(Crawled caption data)
◆ ◆ ◆ ◆ ◆ ◆ ◆

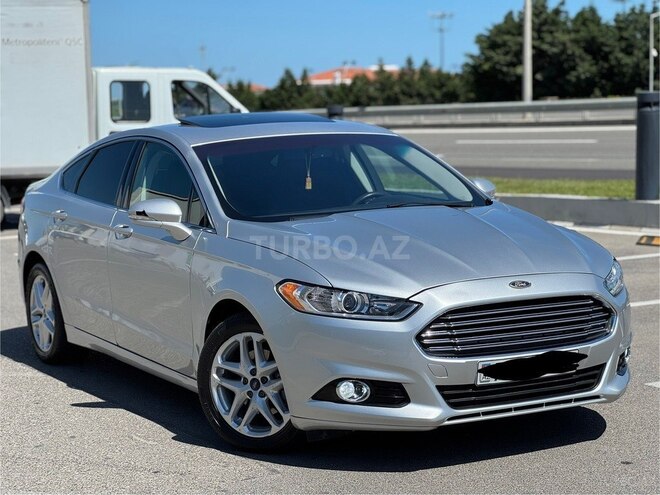 Ford Fusion (North America) 2015, 180,000 km - 1.5 l - Bakı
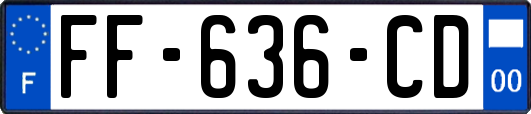 FF-636-CD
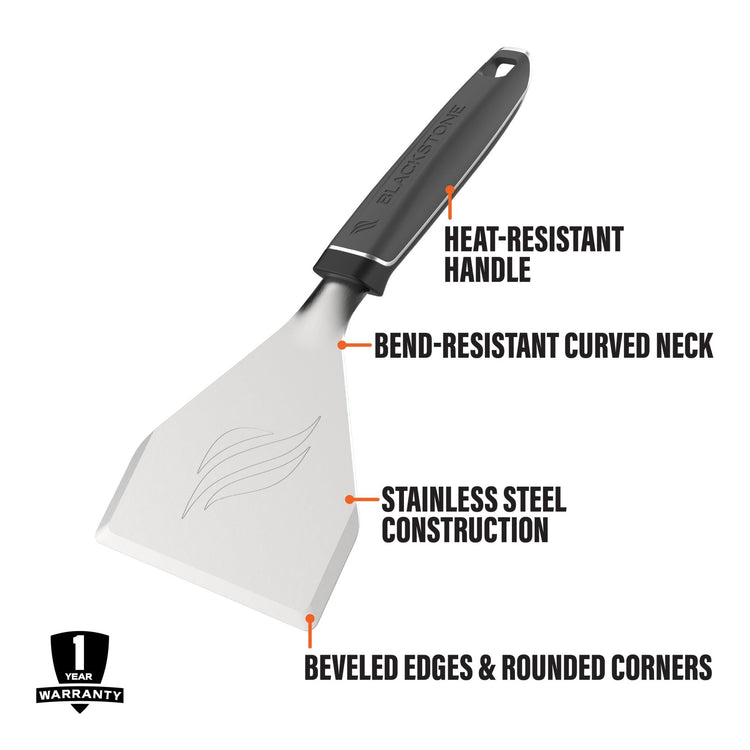 Forge Scrapper Iron Forged Angled Scraper – Blackstone Products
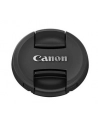 LENS CAP E-55 Canon Lens Cap - nr 4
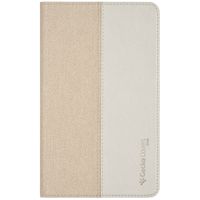 Gecko Covers EasyClick Eco Bookcase Samsung Galaxy Tab A9 8.7 inch - Sand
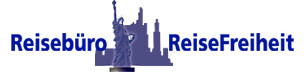 Logo von Reisebüro Reisefreiheit GmbH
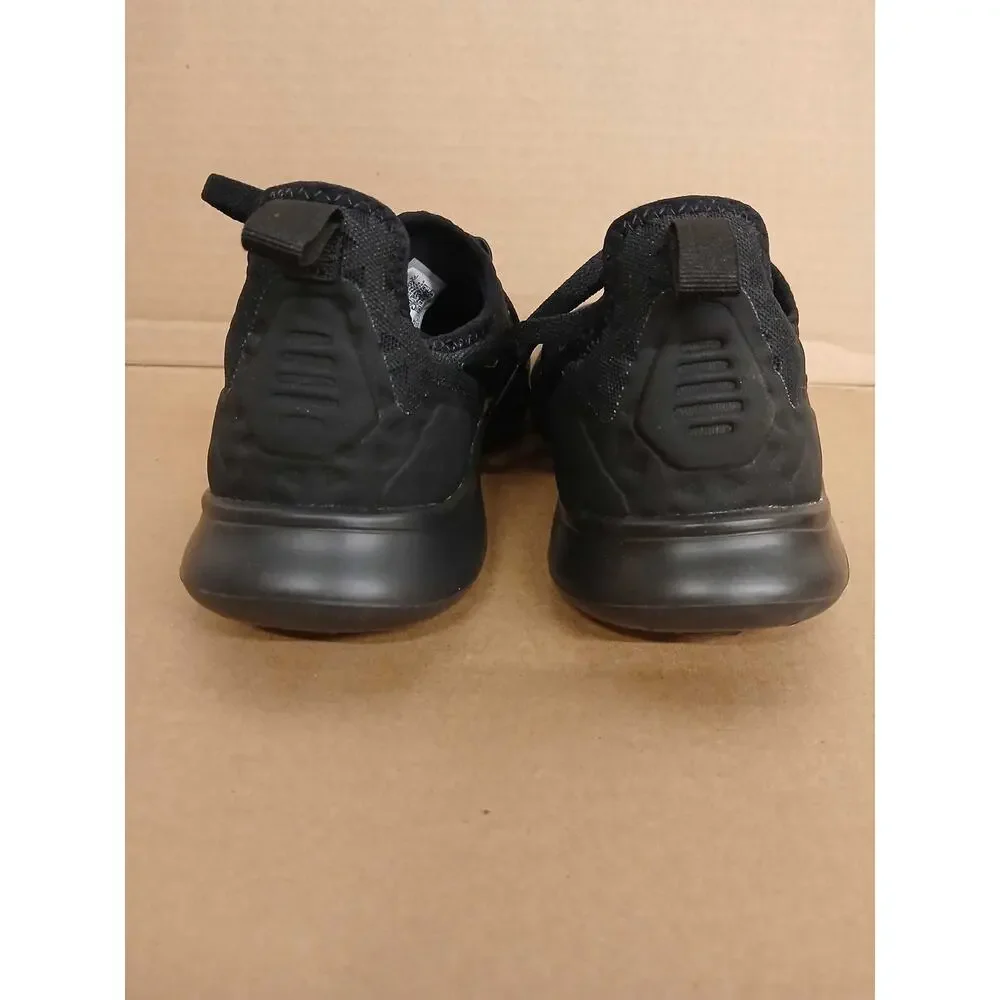 USED Nike Women's Free Trainer 8 Cross Training Shoes (7, Black/Black-Black) - Picture 7 of 8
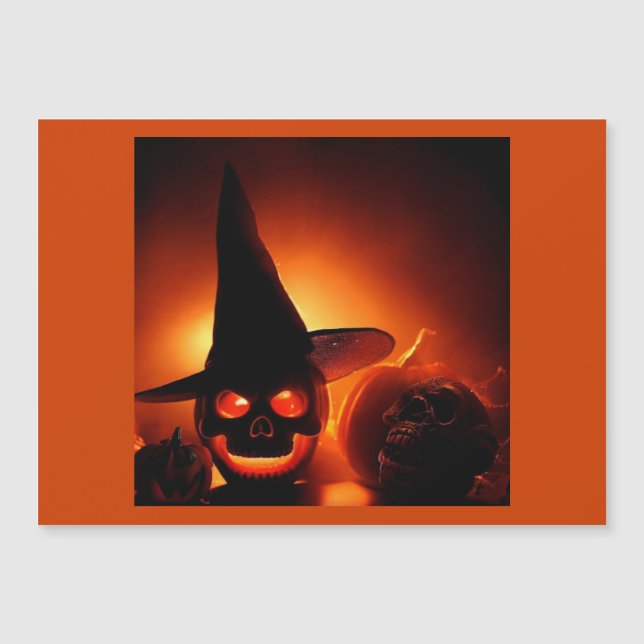 Halloween - Jack-O-Lanterns 5 (Anverso)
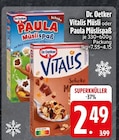 EDEKA - Vitalis Müsli Angebot im Prospekt Vitalis Müsli bei EDEKA im Prospekt "" für 2,49 €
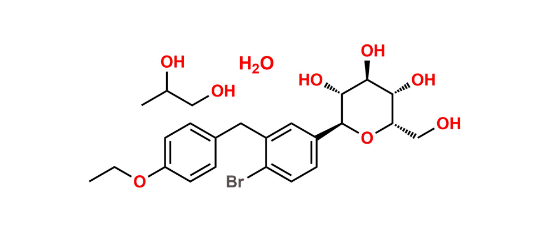 Picture of Dapagliflozin Impurity 28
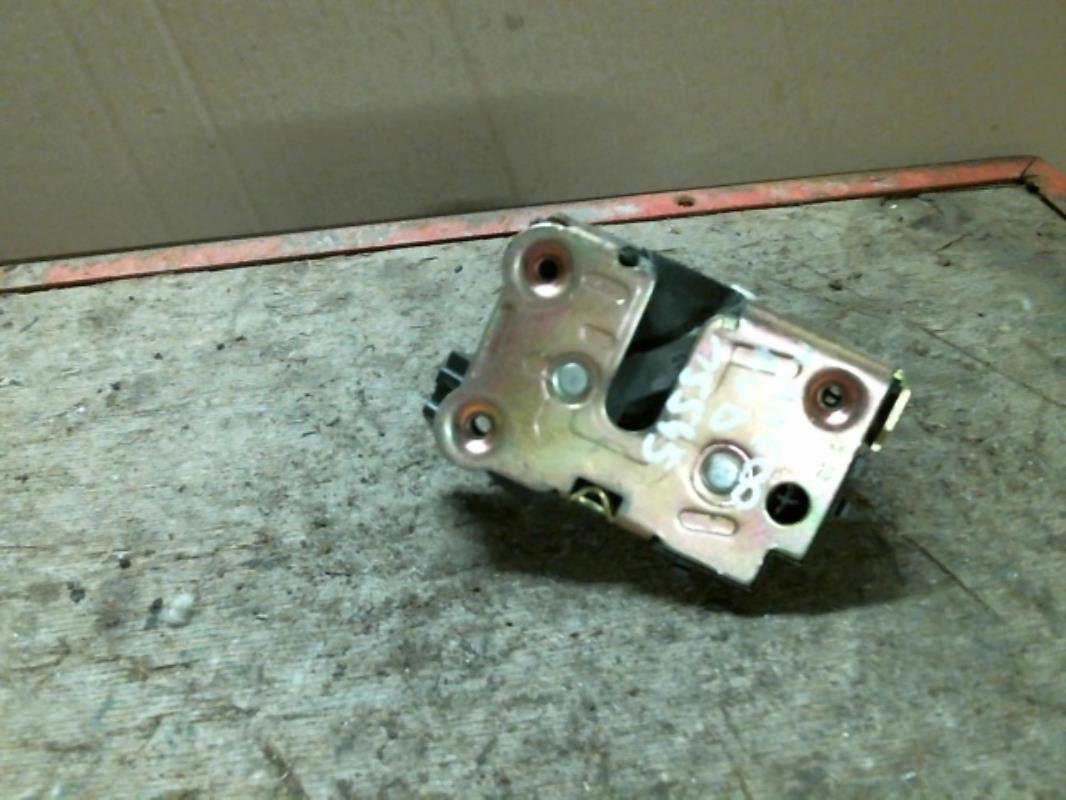 Serratura anteriore destra RENAULT KANGOO 1 PHASE 1 Diésel - 1
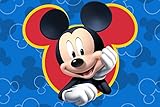New Disney Memory Foam Mat 15.7"x23.5" (Mickey)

◆ ◆ ◆ ◆ ◆ ◆ ◆

Work instructions | Leaving out every picture, repeat the records above exactly as they stand.

Answer box |
 Ford Fusion (North America) 2015, 180,000 km - 1.5 l - Bakı
 FF-636-CD
 Forge Scrapper Iron Forged Angled Scraper – Blackstone Products
 LENS CAP E-55 Canon Lens Cap - nr 4
 Gecko Covers EasyClick Eco Bookcase Samsung Galaxy Tab A9 8.7 inch - Sand
 Logo von Reisebüro Reisefreiheit GmbH
 USED Nike Women's Free Trainer 8 Cross Training Shoes (7, Black/Black-Black) - Picture 7 of 8
 Halloween - Jack-O-Lanterns 5 (Anverso)
 EDEKA - Vitalis Müsli Angebot im Prospekt Vitalis Müsli bei EDEKA im Prospekt "" für 2,49 €
 Picture of Dapagliflozin Impurity 28
 Serratura anteriore destra RENAULT KANGOO 1 PHASE 1 Diésel - 1
New Disney Memory Foam Mat 15.7"x23.5" (Mickey)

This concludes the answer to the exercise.